Light weight Euro-diesels

Morgans wrote:
wrote

It might even be possible to just ignore the radiator completely and
turn the skin of the aircraft into the heat sink. Basically you'd route
several flows of 3/8" aluminum tubing strategically about the airplane.
You could end up with a deicing system instead of a radiator! It would
probably take more line/water than was in the radiator, but it might
make up for it in aerodynamics. (No radiator hanging in the breeze) I'd
have to crunch the numbers, it probably isn't feasable, but it's a
thought.

Before you get carried away with that idea, there are a lot of problems with
that idea. You can google the threads on them, but I'll point out a few of
the problems with the idea.

1. A cooling system has to be reliable, to the max.
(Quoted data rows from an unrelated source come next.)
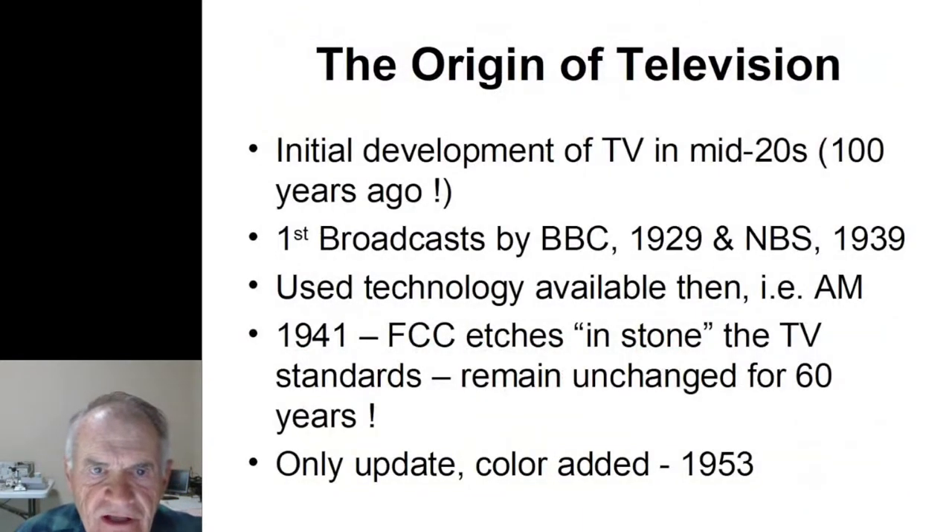Let's go back to the origin of television — it's really nothing new. The initial development dates back to the mid-1920s, almost 100 years ago. The first actual broadcast was by the BBC in England in 1929, and in the US by NBS in 1939. In 1941, the FCC literally etched in stone the TV standards for television, and those remained unchanged for 60 years, based upon AM technology. They only updated it once when they added color in 1953.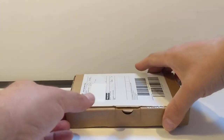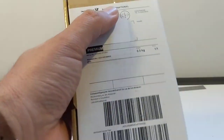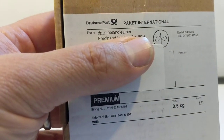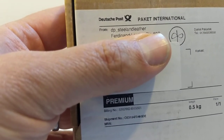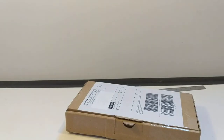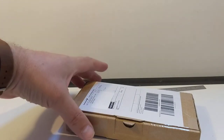Guten Tag. This is an unboxing and a hands-on review of a couple of products from DP Steel and Leather. He's a company in Germany who makes leather goods, predominantly knife sheaths with a clip, which we're going to look at together.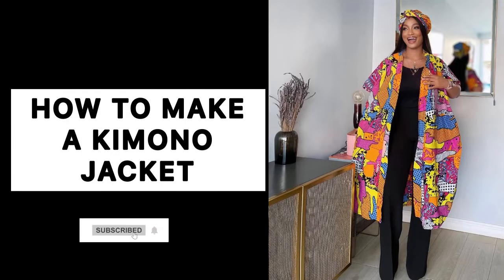Hey guys, welcome back to the channel! Today in this video we're going to be making a kimono jacket.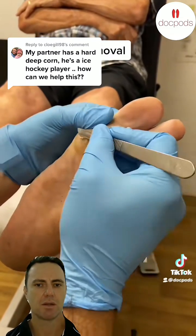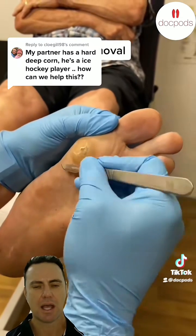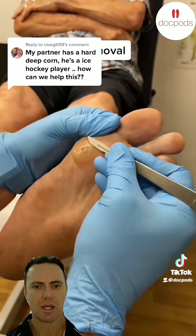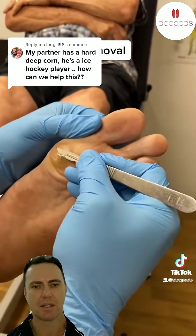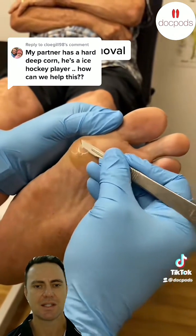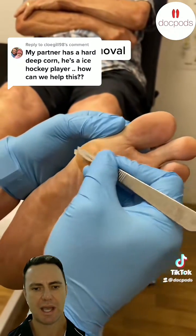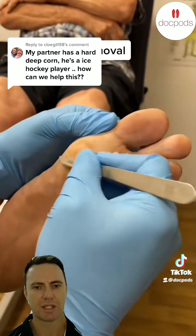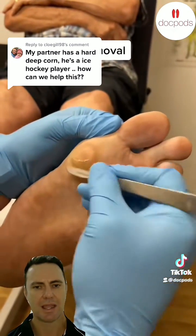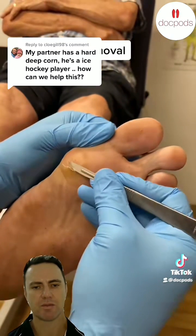So what we're removing here is a hard corn, and you can see that this calloused area has got a central hardened section that you can even see the scalpel sort of stops and has trouble cutting through it — that's how hard it is. A hard corn is a very dense section of hardened, thickened skin, and it usually has an overlying callous over the top of it. We remove all the overlying callous, which you can see we're doing now, and then we enucleate or cut out the really central cone-shaped section of the corn.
Adding a bunch of
lines and fittings is a good place to have problems pop up.

2. Weight. You add all of the lines, and fluid, and you have added a bunch
of weight.

3. De-ice takes a lot of heat to do a decent job. Even if you used all of
the BTU's from burning 100% of the gas that the engine would be burning,
there is not enough heat in the gas to thaw out a wing. Take the
approximate 50% heat output of the engine, subtract the realistic efficiency
of getting all of that heat to the wing, (you would have to bond that tube
to the wing mechanically) and you have cut the amount of heat trying to melt
the ice by even more.

4. Heat transfer from the hot wing skins to the air is really poor. This
is because of the stagnant layer of air sitting right on the surface of the
wing. Simply put, the air is not carrying the heat away from the wing very
well, at all.

Those are just the high points. Think of it this way; if this idea would
work well, lots of planes in the past and present would have been using
them. They are not.
--
Jim in NC

I had considered the first 2 issues. Like I said, some numbers would
have to be crunched to determine viability. The upthread-post was
regarding running water lines to the tanks. So my post was based on the
assumption that the safety of running lines had already been resolved.
Given somebody is running a aero diesel added weight is a foregone
conclusion.

Regarding points 3 and 4: if the boundary layer acts as an insulator,
then heating the skin should be easier, not harder. Right? Less wicking
of heat should cause the skin to retain more heat. If ones primary
purpose was to take the radiator out of the equation and heat the
tanks, the gain in skin temperature is ancillary. It doesn't have to
solve icing completely, just be more resistant to it. Better is good
enough if it's free.

The other possibility would be to stick a radiator in each wing root
and funnel ram air through the radiator into the wing cavity. The
warmed air would then be the heating element. I wonder if that would be
sufficient to prevent gelling and also provide some minor wing heat
without all the complexity.

-Matt

wrote:

The upthread-post was
regarding running water lines to the tanks. So my post was based on the
assumption that the safety of running lines had already been resolved.

The fuel/water heat exchanger is standard on diesel cars. For an hombuilt,
juste take one and bolt in somewhere bear the engine.
The return fuel is able to do the job and the whole tank will be warmer
enought for safe operation.

For biodiesel cars, some people juste run a copper tube near exhaut and the
same job is done. These cars still need a pure diesel start and stop.


By
--
Pub: http://www.slowfood.fr/france
Philippe Vessaire Ò¿Ó¬

"Philippe Vessaire" wrote

The fuel/water heat exchanger is standard on diesel cars. For an hombuilt,
juste take one and bolt in somewhere bear the engine.
The return fuel is able to do the job and the whole tank will be warmer
enought for safe operation.

For biodiesel cars, some people juste run a copper tube near exhaut and
the
same job is done. These cars still need a pure diesel start and stop.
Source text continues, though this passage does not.